A Lightweight Approach for State Machine Replication
Christian Cachin, Jinfeng Dou, Christian Scheideler, Philipp Schneider
TL;DR
This work tackles state machine replication under an adaptive blocking adversary by marrying a leaderless median-rule consensus with lightweight, client-held commitment certificates. It introduces a compact, log-based approach where servers store only the shared state and uncommitted commands, while clients maintain short certificates (via a Merkle forest) proving that their commands were committed. The methodology includes an extended median-rule SMR with a $(k,\ell)$-Gossip broadcasting mechanism, a compact rule to trim logs, and a recovery protocol that preserves monotonicity and enables fast restoration after surges, all with logarithmic communication, latency, and per-client storage. The framework provides liveness under $1$-late, $\Theta(1)$-blocking adversaries and strong safety under arbitrary blocking, offering a practical, scalable, and partition-tolerant SMR solution with potential extensions to higher blocking or churn by adjusting parameters.

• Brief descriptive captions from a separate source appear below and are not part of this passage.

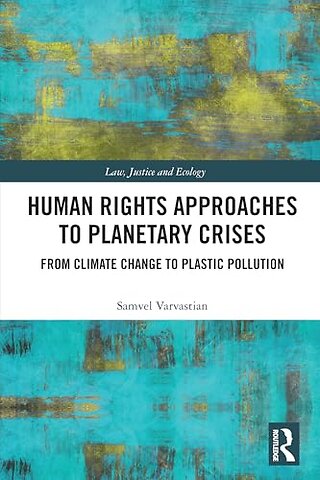 Human Rights Approaches to Planetary Crises
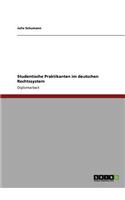 Studentische Praktikanten im deutschen Rechtssystem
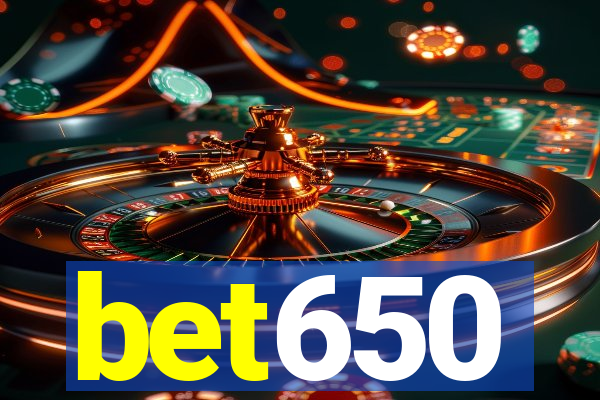 bet650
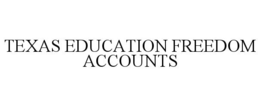 TEXAS EDUCATION FREEDOM ACCOUNTS trademark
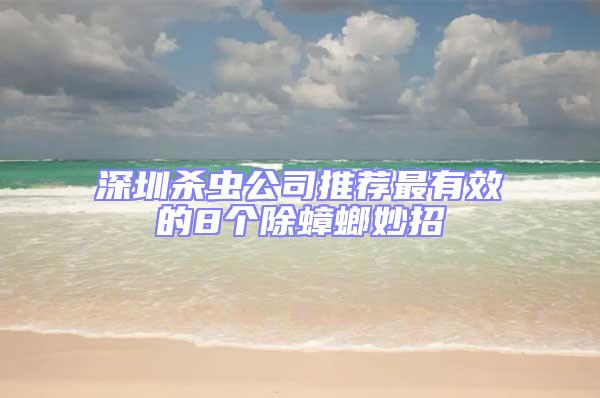 深圳殺蟲公司推薦最有效的8個除蟑螂妙招
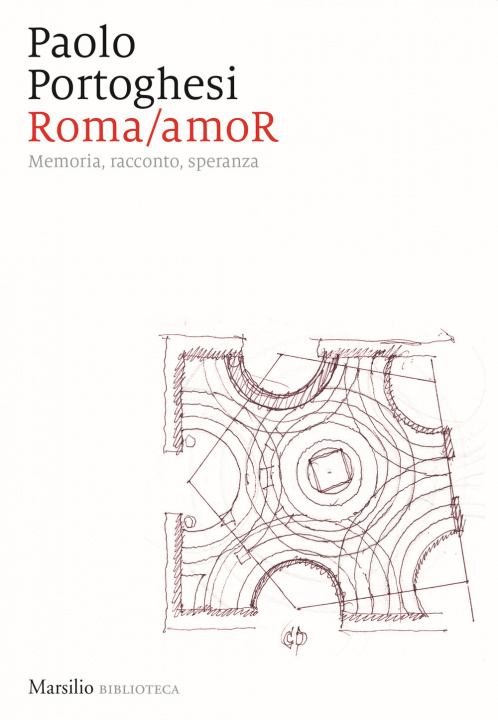 Kniha Roma/amoR. Memoria, racconto, speranza Paolo Portoghesi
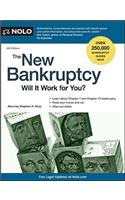 The New Bankruptcy: Will It Work for You?(New Bankruptcy: Will It Work for You)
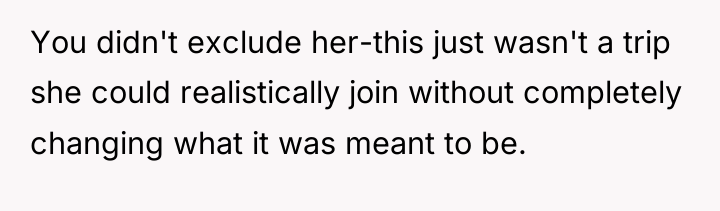 You didn't exclude her-this just wasn't a trip she could...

Overall, the approach advances scalable, leaderless SMR with provable guarantees and minimal server-side state, suitable for lightweight, verifiable transaction histories where clients shoulder commitment proofs.
Abstract
We present a lightweight solution for state machine replication with commitment certificates. Specifically, we adapt and analyze a median rule for the stabilizing consensus problem [Doerr11] to operate in a client-server setting where arbitrary servers may be blocked adaptively based on past system information. We further extend our protocol by compressing information about committed commands, thus keeping the protocol lightweight, while still enabling clients to easily prove that their commands have indeed been committed on the shared state. Our approach guarantees liveness as long as at most a constant fraction of servers are blocked, ensures safety under any number of blocked servers, and supports fast recovery even after all servers are blocked. In addition to offering near-optimal asymptotic performance in several respects, our method is fully decentralized, unlike other near-optimal solutions that rely on leaders. In particular, our solution is robust against adversaries that target key servers (which captures insider-based denial-of-service attacks), whereas leader-based approaches fail under such a blocking model.